I can't separate seeing MYSELF in the mirror from that saggy face with bags under the eyes, wrinkles, down in the mouth, hair sticking out the nose, unshaven, white hair. If the image were someone else, I'd have a very different feeling about it from when it's me. When it's me, all those wrinkles smooth away, the bags under the eyes are gone. It's me I'm looking at, the center of the universe, not some ugly face of a nutcase old turd that never got it. In a way, I kinda got it. Stay out of everything. Often I think of Jr saying, "A man can get in trouble just sticking his finger out the door." Isn't it so. And I always remember what his daddy told him, Stay away from important people. Sound counsel. It resonated all through me when Jr told me that. I already had found that to be the best way by trial and error, but didn't see it so succinctly in such a few words. Important people have to rely on denial and self-deception in order to be an important person. Important people cannot allow themselves spontaneous expression of feeling, either sorrow or joy. Important people can't be seen as real people or they're not important any more. So they have to be fake people, pretending not to be having affairs, pretending not to be bought, pretending to be interested, pretending to care.

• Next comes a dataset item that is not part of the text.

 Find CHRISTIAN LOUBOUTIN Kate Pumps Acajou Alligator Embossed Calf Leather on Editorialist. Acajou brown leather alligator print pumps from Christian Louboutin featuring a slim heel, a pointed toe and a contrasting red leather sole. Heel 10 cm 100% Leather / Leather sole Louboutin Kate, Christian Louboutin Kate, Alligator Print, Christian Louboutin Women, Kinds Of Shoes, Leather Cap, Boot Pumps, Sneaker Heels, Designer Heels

I'll take working people to live among, people who can't afford to live fake lives pretending to be something they're not. I love it that in the mountain old time religion churches it's ok for a man to cry, to openly bawl his baby eyes out. Everyone in the church feels it with him instead of talking about him later in judgmental terms. Sure, the working people can get out of control, get drunk, fight, wreck cars, carry guns, be emotionally unpredictable and loud. But it's real. Maybe they haven't learned enough self-control, I don't know. But I like that the people I live among are straight on who they are, not aggressively, just at home in themselves. No concern that somebody might see them someplace they hadn't oughta be unless it's a wife. No need to keep what you think to yourself unless it might hurt somebody. You don't have to worry about what people think of you, because you already know and don't care. People are going to think what they think. Half will be for it and half will be against it, whatever it is.
Pardon all my generalizations. Just my shorthand way of connecting the dots. It just now came to mind, a memory of a friend invited to the White House for dinner in the time of Reagan. When he told me he was invited, just to rib him, I said, "You're not going, are you?" It was one of those moments like when a cat gets a kick out of making another cat jump. He visibly jumped. Of course he was going. It would have been a predicament for me, because I'd have had to decline. But there would never be an occasion that I'd be invited unless it would be for Humor the Delusional Day. It makes me laugh to think I even have considered what I'd do if invited, like there was ever a chance of it, and like I'd want there to be the chance to be regarded a potential assassin by bodyguards all over the place, looked at like a minor wimp by guys prepared to take a bullet for the Pres. I'll be happy in my little old log cabin in the lane.